Elizabeth Alexandra Mary Windsor has been on the throne for almost 68 years. Not only is she ruler of the United Kingdom – through all its disunity, as now – the Queen is also head of the Church of England. But behind the titles is a real person, a mother and grandmother who experiences joy, tragedy and boredom just like the rest of us.
According to Delffs, the 93-year-old monarch is much more like you or me than you may have noticed. “Like so many of our faith journeys, the Queen’s has those ups and downs that force one to contend with circumstances – and to ask those large questions about why this happened or that did not happen,” explains Delffs, who also wrote The Faith of Dolly Parton.
“[And] to then wrestle with whatever one’s purpose or calling might be in life, and the responsibility of that.
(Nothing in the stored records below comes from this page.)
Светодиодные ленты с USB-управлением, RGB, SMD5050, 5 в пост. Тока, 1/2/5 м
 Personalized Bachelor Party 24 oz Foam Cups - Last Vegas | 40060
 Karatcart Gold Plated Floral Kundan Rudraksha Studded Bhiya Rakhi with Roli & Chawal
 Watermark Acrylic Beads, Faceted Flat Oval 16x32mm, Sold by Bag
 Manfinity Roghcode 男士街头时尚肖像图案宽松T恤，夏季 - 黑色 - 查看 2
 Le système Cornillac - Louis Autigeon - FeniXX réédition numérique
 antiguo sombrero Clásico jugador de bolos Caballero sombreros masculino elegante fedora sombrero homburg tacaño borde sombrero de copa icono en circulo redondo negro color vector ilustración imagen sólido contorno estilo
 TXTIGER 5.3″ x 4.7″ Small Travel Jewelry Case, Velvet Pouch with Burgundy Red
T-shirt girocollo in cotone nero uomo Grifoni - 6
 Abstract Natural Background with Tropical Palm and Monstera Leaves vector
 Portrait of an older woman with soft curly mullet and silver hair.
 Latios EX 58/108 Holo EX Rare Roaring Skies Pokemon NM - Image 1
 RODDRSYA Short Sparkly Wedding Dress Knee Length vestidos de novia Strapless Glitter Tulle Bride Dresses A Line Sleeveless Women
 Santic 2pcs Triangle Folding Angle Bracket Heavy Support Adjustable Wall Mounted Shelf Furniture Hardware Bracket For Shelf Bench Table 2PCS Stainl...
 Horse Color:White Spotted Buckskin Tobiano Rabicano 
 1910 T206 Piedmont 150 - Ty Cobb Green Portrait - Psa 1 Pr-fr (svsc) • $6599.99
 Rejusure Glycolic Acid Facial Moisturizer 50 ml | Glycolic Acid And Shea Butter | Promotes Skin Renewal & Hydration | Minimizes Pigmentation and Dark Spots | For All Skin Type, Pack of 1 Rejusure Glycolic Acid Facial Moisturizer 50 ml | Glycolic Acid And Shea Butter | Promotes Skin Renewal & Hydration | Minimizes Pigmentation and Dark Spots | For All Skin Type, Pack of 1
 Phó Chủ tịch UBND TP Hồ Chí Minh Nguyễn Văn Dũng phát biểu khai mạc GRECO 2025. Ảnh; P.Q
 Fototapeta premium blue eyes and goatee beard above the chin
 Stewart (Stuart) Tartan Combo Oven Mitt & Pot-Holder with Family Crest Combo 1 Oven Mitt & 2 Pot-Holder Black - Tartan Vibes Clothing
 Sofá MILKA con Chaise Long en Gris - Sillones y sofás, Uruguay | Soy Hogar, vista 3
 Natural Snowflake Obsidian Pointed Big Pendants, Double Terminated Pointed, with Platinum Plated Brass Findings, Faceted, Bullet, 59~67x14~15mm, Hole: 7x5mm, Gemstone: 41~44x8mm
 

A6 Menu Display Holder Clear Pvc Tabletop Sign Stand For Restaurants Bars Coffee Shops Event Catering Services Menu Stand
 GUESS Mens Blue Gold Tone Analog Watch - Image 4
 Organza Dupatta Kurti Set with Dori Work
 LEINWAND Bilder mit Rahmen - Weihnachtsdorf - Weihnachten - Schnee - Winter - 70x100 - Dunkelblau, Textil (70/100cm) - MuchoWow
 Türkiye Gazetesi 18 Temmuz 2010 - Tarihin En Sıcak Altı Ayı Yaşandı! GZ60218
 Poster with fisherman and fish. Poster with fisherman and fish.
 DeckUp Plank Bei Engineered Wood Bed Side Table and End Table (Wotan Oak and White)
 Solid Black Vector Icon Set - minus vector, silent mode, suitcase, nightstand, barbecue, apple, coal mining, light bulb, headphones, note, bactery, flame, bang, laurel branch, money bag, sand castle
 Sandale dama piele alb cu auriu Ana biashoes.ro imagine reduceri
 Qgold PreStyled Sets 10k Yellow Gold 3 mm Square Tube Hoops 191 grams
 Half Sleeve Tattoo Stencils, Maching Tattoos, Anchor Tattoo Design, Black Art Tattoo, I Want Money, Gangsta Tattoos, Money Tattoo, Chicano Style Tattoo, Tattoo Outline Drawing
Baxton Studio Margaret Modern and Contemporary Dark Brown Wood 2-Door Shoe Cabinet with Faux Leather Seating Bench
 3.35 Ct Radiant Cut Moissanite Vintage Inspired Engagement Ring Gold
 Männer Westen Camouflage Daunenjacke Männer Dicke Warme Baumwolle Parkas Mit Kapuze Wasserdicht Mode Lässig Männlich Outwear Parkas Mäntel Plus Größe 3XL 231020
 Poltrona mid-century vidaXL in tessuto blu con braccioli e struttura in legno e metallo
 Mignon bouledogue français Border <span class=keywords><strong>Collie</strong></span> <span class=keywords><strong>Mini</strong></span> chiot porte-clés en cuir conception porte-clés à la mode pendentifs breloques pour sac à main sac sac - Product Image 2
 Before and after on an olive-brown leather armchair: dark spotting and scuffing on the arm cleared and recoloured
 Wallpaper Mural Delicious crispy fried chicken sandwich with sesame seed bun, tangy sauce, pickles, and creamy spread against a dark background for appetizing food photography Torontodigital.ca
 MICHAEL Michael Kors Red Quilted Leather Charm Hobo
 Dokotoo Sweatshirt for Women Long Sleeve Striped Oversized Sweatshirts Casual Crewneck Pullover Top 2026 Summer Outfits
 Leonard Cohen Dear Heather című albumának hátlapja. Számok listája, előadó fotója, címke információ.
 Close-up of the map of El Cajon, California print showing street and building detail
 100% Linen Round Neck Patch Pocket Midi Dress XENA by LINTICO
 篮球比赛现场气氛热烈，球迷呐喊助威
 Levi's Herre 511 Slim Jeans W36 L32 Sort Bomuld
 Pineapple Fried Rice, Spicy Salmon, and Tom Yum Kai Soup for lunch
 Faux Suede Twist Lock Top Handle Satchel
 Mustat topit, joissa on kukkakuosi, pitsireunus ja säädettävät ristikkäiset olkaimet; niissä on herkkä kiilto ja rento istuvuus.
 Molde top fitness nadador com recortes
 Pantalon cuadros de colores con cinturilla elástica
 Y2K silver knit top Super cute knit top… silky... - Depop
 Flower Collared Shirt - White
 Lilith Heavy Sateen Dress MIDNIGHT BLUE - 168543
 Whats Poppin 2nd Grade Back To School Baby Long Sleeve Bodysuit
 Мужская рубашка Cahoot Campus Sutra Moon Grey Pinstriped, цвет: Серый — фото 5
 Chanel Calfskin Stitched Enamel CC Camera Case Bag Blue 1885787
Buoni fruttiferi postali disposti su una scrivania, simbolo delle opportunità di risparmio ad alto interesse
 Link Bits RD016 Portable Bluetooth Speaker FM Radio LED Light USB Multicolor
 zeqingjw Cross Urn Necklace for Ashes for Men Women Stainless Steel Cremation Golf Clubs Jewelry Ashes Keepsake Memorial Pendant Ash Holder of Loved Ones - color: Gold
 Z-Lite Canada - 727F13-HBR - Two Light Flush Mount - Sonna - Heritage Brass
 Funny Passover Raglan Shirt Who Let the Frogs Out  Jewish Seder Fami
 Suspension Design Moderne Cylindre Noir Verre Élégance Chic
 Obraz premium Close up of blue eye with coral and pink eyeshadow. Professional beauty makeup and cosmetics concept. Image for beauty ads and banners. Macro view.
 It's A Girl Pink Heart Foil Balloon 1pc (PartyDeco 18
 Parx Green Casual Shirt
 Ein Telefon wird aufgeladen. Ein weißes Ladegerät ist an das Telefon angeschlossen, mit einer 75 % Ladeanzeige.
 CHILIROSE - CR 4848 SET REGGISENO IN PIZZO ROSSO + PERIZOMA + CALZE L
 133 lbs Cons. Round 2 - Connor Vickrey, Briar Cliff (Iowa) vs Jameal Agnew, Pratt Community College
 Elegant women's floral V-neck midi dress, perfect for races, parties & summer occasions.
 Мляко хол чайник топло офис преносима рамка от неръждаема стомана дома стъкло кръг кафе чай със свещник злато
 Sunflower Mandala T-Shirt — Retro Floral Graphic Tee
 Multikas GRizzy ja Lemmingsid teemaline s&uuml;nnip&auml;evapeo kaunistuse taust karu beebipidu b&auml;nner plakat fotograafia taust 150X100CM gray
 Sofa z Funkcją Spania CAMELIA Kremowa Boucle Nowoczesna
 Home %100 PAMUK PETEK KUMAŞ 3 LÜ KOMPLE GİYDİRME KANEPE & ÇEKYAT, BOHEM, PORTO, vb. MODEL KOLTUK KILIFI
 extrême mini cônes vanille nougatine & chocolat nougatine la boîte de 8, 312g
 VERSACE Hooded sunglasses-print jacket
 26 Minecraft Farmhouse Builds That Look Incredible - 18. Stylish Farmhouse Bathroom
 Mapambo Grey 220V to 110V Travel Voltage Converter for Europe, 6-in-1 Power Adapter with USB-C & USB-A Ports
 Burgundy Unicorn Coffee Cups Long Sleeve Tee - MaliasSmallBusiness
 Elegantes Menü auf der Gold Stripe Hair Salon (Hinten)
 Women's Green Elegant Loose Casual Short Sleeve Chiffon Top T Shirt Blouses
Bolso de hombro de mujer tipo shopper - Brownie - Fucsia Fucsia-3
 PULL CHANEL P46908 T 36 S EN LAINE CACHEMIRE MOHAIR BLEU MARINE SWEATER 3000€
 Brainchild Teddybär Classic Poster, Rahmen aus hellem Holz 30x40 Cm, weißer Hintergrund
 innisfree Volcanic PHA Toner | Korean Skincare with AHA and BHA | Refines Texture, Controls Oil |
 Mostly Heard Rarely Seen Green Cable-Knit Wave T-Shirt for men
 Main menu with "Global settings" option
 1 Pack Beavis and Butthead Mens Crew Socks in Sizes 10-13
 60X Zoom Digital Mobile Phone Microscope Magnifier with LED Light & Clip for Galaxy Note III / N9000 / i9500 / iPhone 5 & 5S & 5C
Or the burden of that. And how that conflicts with our individual choices and preferences and what we might like to do.”
“I think so much of that is embodied in the Queen’s faith journey.”
Delffs isn’t sure how to distil the Queen’s personal tenets but he can single out key events which he believes have refined her faith.
“In 2002 her Majesty lost her sister, Princess Margaret, as well as the Queen Mother – that was very, very difficult,” says Delffs. “Since then, she seems more transparent about her faith and that she relies on it for her strength, guidance and sense of ongoing purpose to serve the duty she has been called to.”
As any royal watcher knows, Queen Elizabeth II’s Christmas messages have increased their level of Christian expression during the past few years. But doesn’t tracing such public testimony back to the family deaths of 2002 seems to brush aside other major moments in her life? Delffs maintains that those events are most defining, while acknowledging the effect of other crises such as the divorce of Prince Charles and his wife Diana, her subsequent death, or Prince Andrew’s recent scandals.
“She did that wonderful booklet … which is just very explicit about her faith in Jesus Christ.” – Dudley Delffs
As Delffs shares how the Queen’s approach to her children has informed his own, he also notes a prominent refrain about her approach to everybody.
“It was remarkable to me that across the decades, so many people from members of staff to world leaders and everyday subjects she has encountered, all comment about the way she respects them, shows curiosity and engagement with them.”
With Delffs evidently convinced the Queen is thoroughly shaped by her Christian faith, Eternity asks the American author what he believes have been her notable contributions to the work of God’s Kingdom in our world. His answer is a fitting tribute to a monarch who knows whom she serves.
“One is her very personal involvement and support for Bible Society and Scripture Union. I open the book with her attending this 150th anniversary service for Scripture Union. She has always been very personally involved with them.”
“She did that wonderful booklet … a few years ago – The Servant Queen and the King She Serves – which is just very explicit about her faith in Jesus Christ.
“That’s something I know was used worldwide to became a catalyst for conversations about faith.”